BELEAGUERED Sen. Leila de Lima has yet another headache -- a case against her at the Senate Electoral Tribunal.

De Lima was accused of electoral fraud by former Metropolitan Manila Development Authority chair Francis Tolentino, who placed 13th in the senatorial race with just about 1.3 million votes behind De Lima.

The SET, composed of three Supreme Court justices and six senators, heard the case in a closed door preliminary conference yesterday.

Tolentino specifically asked the tribunal to unseat De Lima for allegedly committing poll fraud.

In an interview with reporters, Tolentino alleged that De Lima cheated in the automated polls by supposedly manipulating electronic transmission of results.

“It (cheating) was with the electronic transmission. There probably was double transmission,” he stressed.

“If you saw the results, the margin of votes between the first place to the 12th place was only about 80,000 votes.
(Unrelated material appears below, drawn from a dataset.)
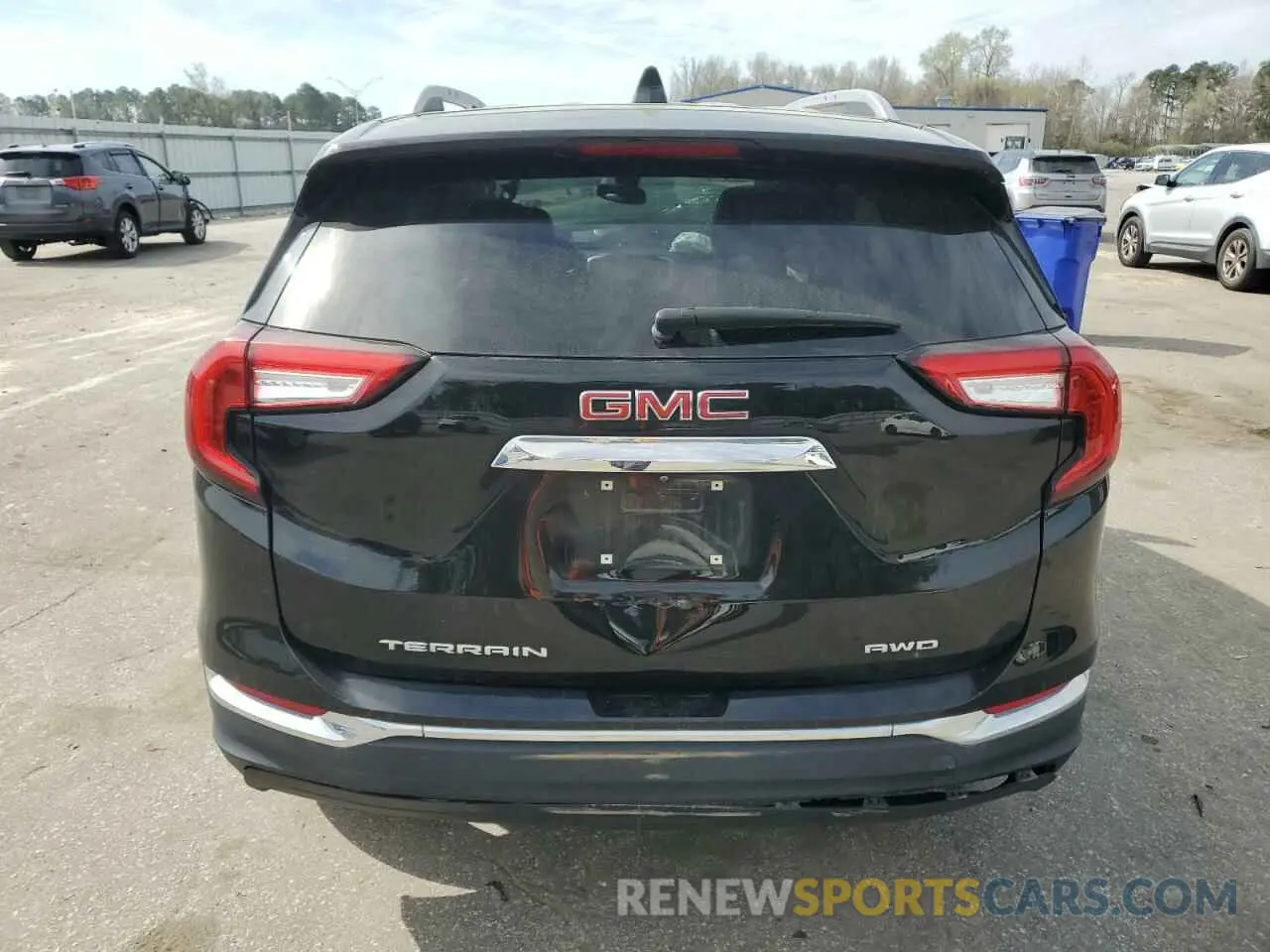 6 Photograph of a damaged car 3GKALVEV1NL179564 GMC TERRAIN 2022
But when it came to the 13th place, the margin became so big,” Tolentino said.
Asked if he had evidence to submit to the SET to prove his allegation, the former official cited documents and witnesses gathered by his camp.
De Lima has denied Tolentino’s charges and said she did not even have the resources to fund her campaign.
But Tolentino further argued: “That’s not true because she reportedly had drug money that fueled her campaign. There should really be no narco-money involved in elections.”
Apart from unseating De Lima and being proclaimed as duly elected senator, Tolentino said he also hopes that his protest would lead to reforms in the automated polls.
“We are hoping that the counting of votes are done manually in the precincts and only the transmission of results is automated so that the people would really see that their votes are counted,” he added.
After the first hearing on the protest, the SET chaired by Senior Associate Justice Antonio Carpio required Tolentino to submit his reply to De Lima’s comment in five days.